CENTRAL Gippsland Health Service has invested $1.3 million in installing state-of-the-art equipment for its Linen Service.
According to a CGHS spokesperson the investment will secure the service’s position as a high quality, high achieving linen provider for the next 20 plus years as well as securing the 40 employment positions the linen service provides.
The equipment, from German company, Kannegeisser, was installed in mid-December and has still not reached its full capacity.
According to CGHS general manager of support services, Jon Millar, not only does the equipment increase production, but significantly improves environmental efficiency by cutting electricity, water and steam use.
Water use has reduced from 25 litres of water per kilo of linen to eight litres.
“This water savings alone is the majority of saving that will fund the purchase of the new equipment,” Mr Millar said.
The linen service has been operated by CGHS since the 1950s and has 137 clients across multiple service models including health, hospitality and other private industries.
In a climate where this type of service has been privately outsourced by most hospitals, Mr Millar said it was a credit to the staff that it had remained competitive for so long, now generating in excess of $2.4m in revenue.
The new equipment has created the opportunity for the service to increase its business by 50 percent.
Mr Millar said he was impressed with the installation to date.
“There have been minor teething problems but things have gone smoothly,” he said.
“We still haven’t reached full capacity yet.”
As well as the environmental efficiencies, the continuous batch washer (CBW) significantly reduces manual handling and improves quality control.

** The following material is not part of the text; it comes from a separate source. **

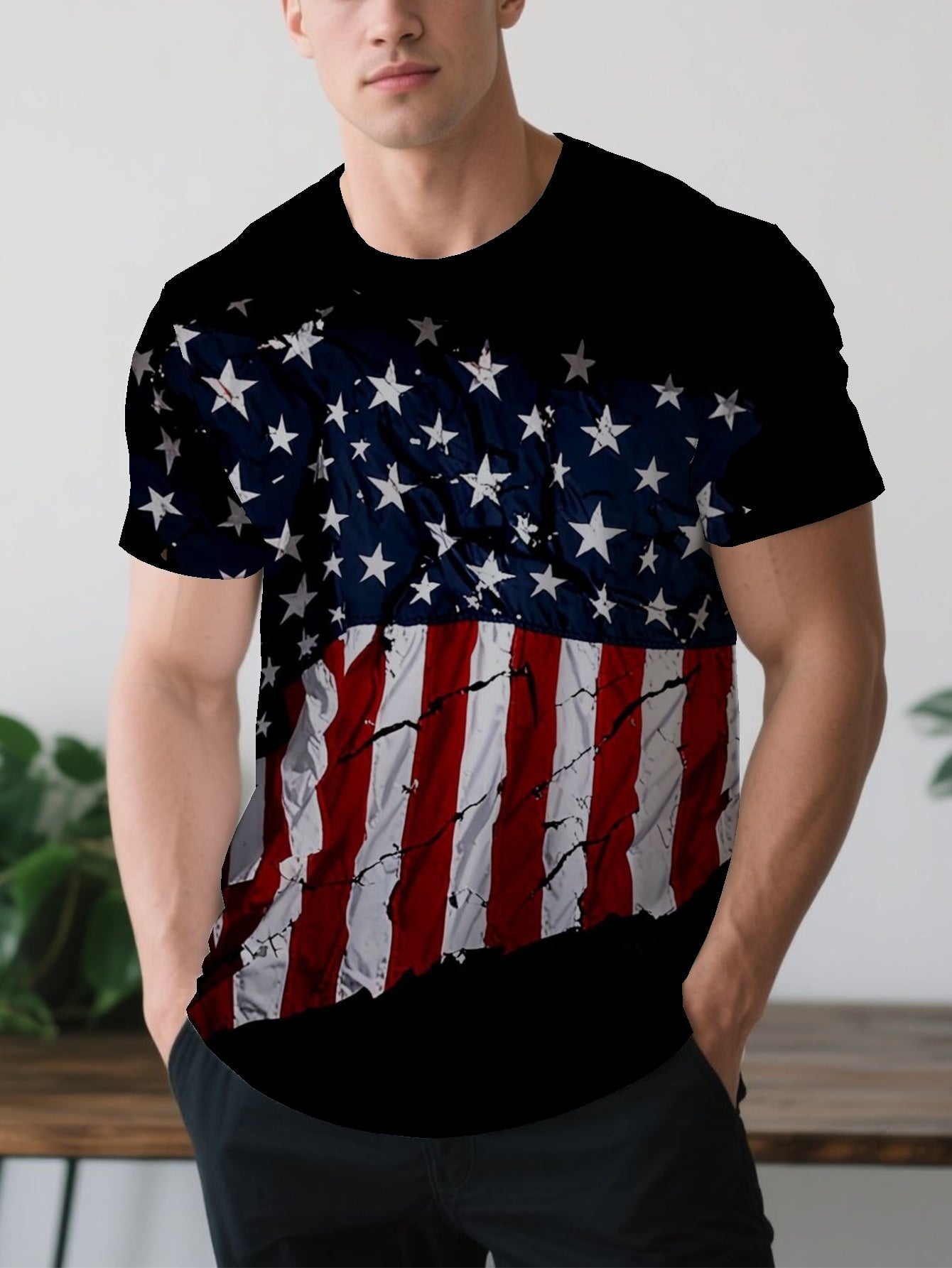 American Flag Men's short-sleeved T-shirt summer T-shirt top full of print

A computer monitors loads from the conveyor belt, through the entire washing and drying process.
The three gas-fired dryers work in conjunction with the CBW and are also extremely efficient with regards to utilities as well as extending the useful life of linen.
The gas-fired ironer has the ability to double the previous ironing production and the new towel folding machine is not only more efficient but has improved occupational health and safety features.
Linen service manager Rob Stewart is equally as impressed.
“It (the new equipment) has made a huge difference to our efficiency but also to staff morale,” he said.
“Previous tasks are much easier now but the working space is now much brighter as the old dryers which were stacked high have been removed. They cut out a lot of natural light.”
Mr Stewart said currently, the new continuous batch washer was processing 1200 sheets per day, 3000 towels and between 600 and 700 blankets as well as many smaller items. The ironing machine does 600 blankets an hour and 1000 sheets an hour.
The business is to now have its floor and walls renovated, with work to begin soon.